### Source records
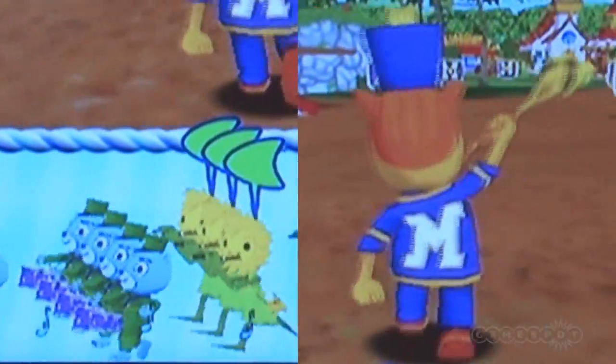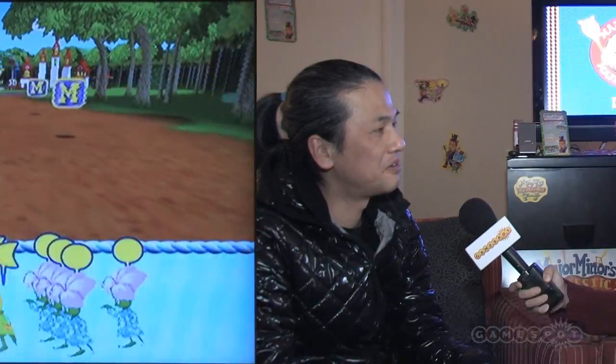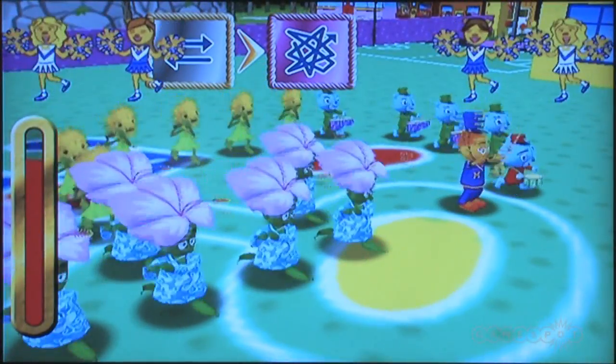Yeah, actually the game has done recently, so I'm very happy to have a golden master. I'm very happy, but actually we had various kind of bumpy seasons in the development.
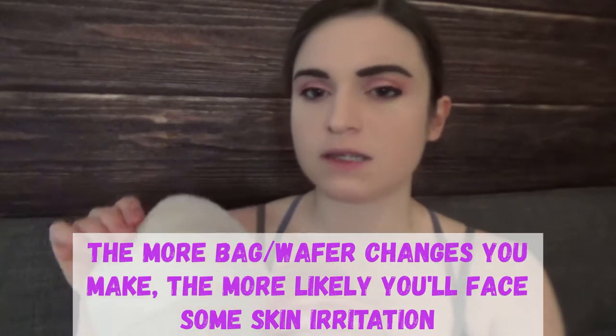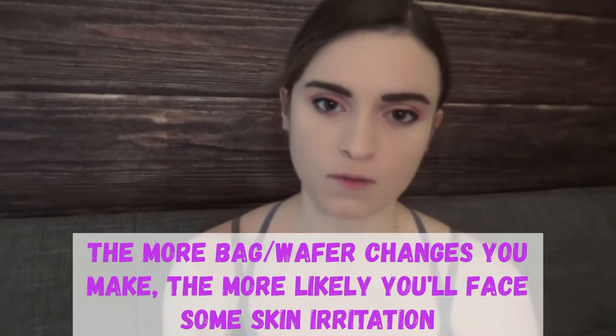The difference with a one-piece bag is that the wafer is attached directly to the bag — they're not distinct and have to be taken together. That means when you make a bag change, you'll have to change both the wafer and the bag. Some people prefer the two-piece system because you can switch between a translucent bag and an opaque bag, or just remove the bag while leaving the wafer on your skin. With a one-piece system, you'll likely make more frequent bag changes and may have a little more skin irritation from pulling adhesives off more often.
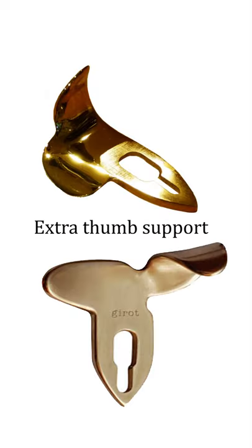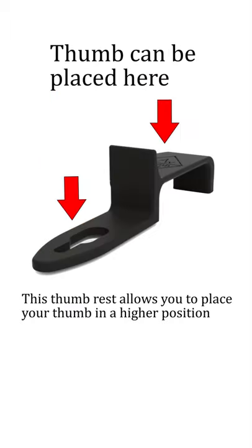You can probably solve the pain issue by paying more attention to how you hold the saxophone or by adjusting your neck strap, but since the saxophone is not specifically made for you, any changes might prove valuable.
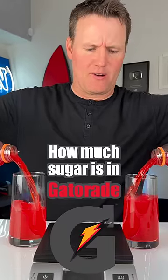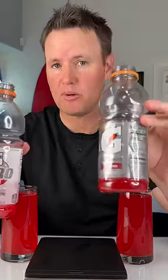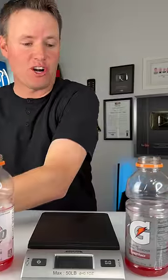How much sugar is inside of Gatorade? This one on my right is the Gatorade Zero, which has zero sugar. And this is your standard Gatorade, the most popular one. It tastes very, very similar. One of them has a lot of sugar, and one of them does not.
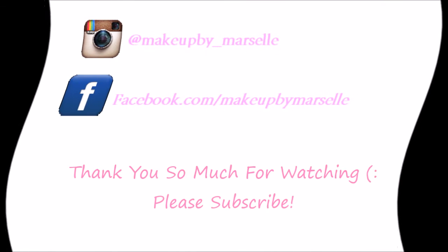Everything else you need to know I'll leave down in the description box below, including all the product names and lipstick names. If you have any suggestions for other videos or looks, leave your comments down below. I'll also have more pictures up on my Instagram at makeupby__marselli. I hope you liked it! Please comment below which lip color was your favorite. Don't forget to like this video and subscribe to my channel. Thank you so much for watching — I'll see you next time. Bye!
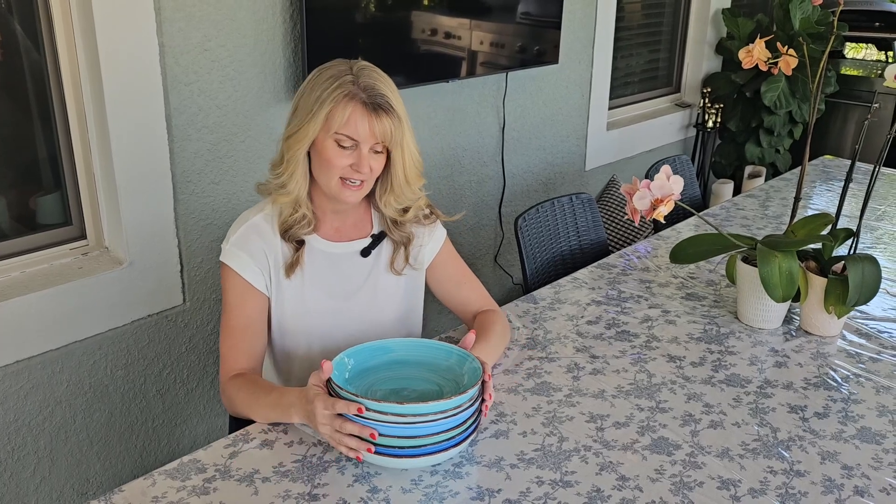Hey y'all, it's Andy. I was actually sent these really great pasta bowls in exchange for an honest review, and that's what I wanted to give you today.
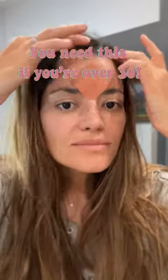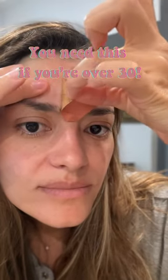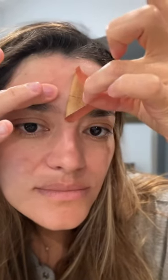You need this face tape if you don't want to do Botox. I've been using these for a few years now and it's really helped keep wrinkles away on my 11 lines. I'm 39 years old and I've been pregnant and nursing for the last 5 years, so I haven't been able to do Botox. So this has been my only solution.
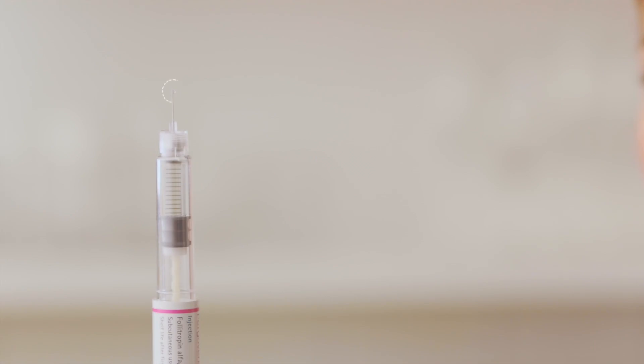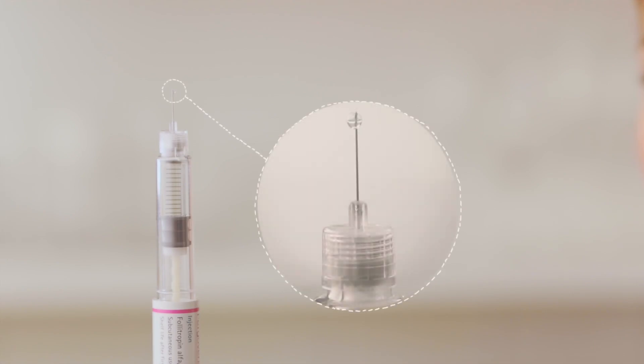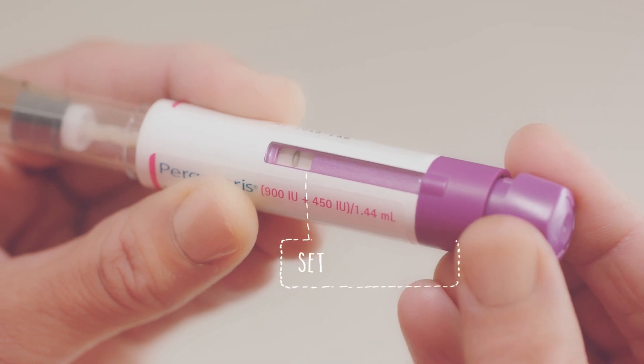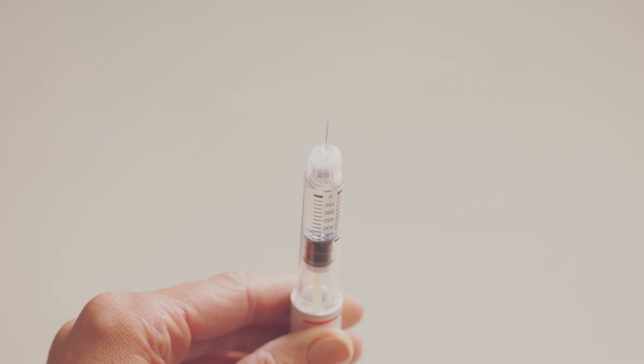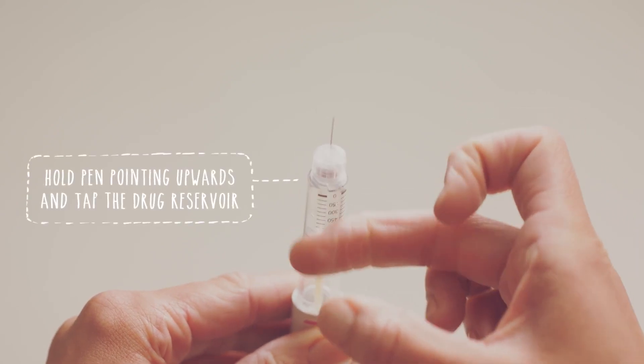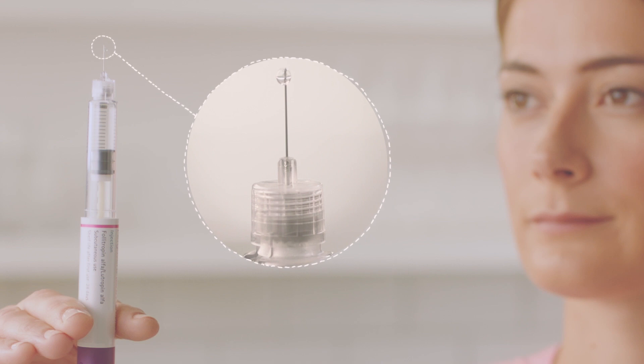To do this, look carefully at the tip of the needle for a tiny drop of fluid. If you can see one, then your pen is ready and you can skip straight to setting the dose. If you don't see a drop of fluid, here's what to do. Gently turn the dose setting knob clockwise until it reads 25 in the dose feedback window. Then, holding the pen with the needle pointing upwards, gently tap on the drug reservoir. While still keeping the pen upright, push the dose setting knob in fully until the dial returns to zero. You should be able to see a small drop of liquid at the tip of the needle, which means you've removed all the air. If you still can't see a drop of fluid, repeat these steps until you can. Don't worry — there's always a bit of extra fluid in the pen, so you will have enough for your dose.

### Exercise objective
All lines from the beginning of the material above through the line holding "How much sugar" are to be given again exactly, and no others; pictures do not go in.

### Finished exercise
Yeah, actually the game has done recently, so I'm very happy to have a golden master. I'm very happy, but actually we had various kind of bumpy seasons in the development.
The difference with a one-piece bag is that the wafer is attached directly to the bag — they're not distinct and have to be taken together. That means when you make a bag change, you'll have to change both the wafer and the bag. Some people prefer the two-piece system because you can switch between a translucent bag and an opaque bag, or just remove the bag while leaving the wafer on your skin. With a one-piece system, you'll likely make more frequent bag changes and may have a little more skin irritation from pulling adhesives off more often.
You can probably solve the pain issue by paying more attention to how you hold the saxophone or by adjusting your neck strap, but since the saxophone is not specifically made for you, any changes might prove valuable.
How much sugar is inside of Gatorade? This one on my right is the Gatorade Zero, which has zero sugar. And this is your standard Gatorade, the most popular one. It tastes very, very similar. One of them has a lot of sugar, and one of them does not.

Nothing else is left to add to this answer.